Hunderte Austro-Anleger von Betrug betroffen

Weiterer Skandal in der deutschen Wirtschaft

Von dem Milliardenbetrug der deutschen Firma P&R bei Investments in Schiffscontainer sind in Österreich mehr als 500 Anleger betroffen. Diese hatten zum Zeitpunkt des Insolvenzantrags aktive Verträge mit den deutschen P&R-Gesellschaften, teilte der Sprecher des deutschen Insolvenzverwalters am Freitag auf APA-Anfrage mit.

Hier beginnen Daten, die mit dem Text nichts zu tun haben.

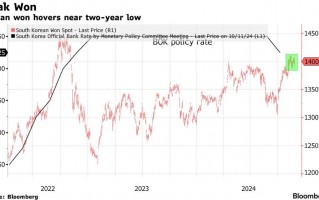 “特朗普2.0”给经济蒙上阴影 市场预计韩国央行周四按兵不动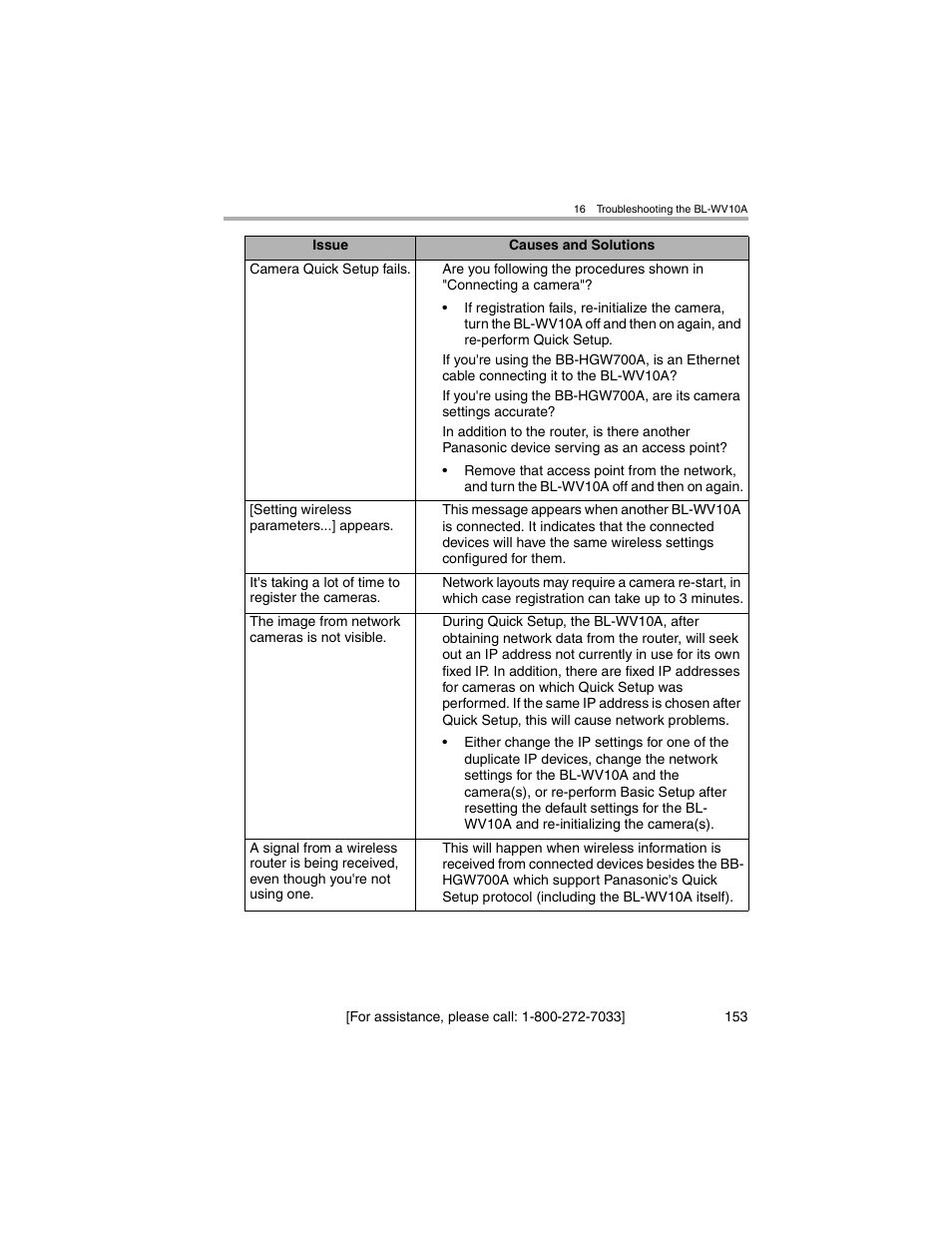 Panasonic BL-MS103A User Manual | Page 153 / 184
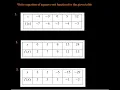 Write the equation of square root function for the given table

Die Firma P&R von Firmengründer Heinz Roth, ein gebürtiger Österreicher, verkaufte Container an Privatanleger. P&R vermietete die Container dann in deren Auftrag an Frachtunternehmen, damit sollte die Rendite finanziert werden.

Dreister Milliardenbetrug

Insgesamt wurden über 1,6 Millionen Container verkauft, tatsächlich vorhanden sind aber nach Angaben der Ermittler nur 617.000. Im März 2018 wurde das Unternehmen insolvent. Gegen den Firmengründer wurde gestern, Donnerstag, in Deutschland Betrugsanklage erhoben. Er sitzt seit dem Vorjahr in Untersuchungshaft. Dem 75 Jahre alten Manager werden 414 Fälle des gewerbsmäßigen Betrugs mit einem Schaden von knapp 18 Mio. Euro vorgeworfen. Dabei ist nur ein kleiner Teil der gesamten Anlagesumme von 3,5 Mrd. Euro berücksichtigt.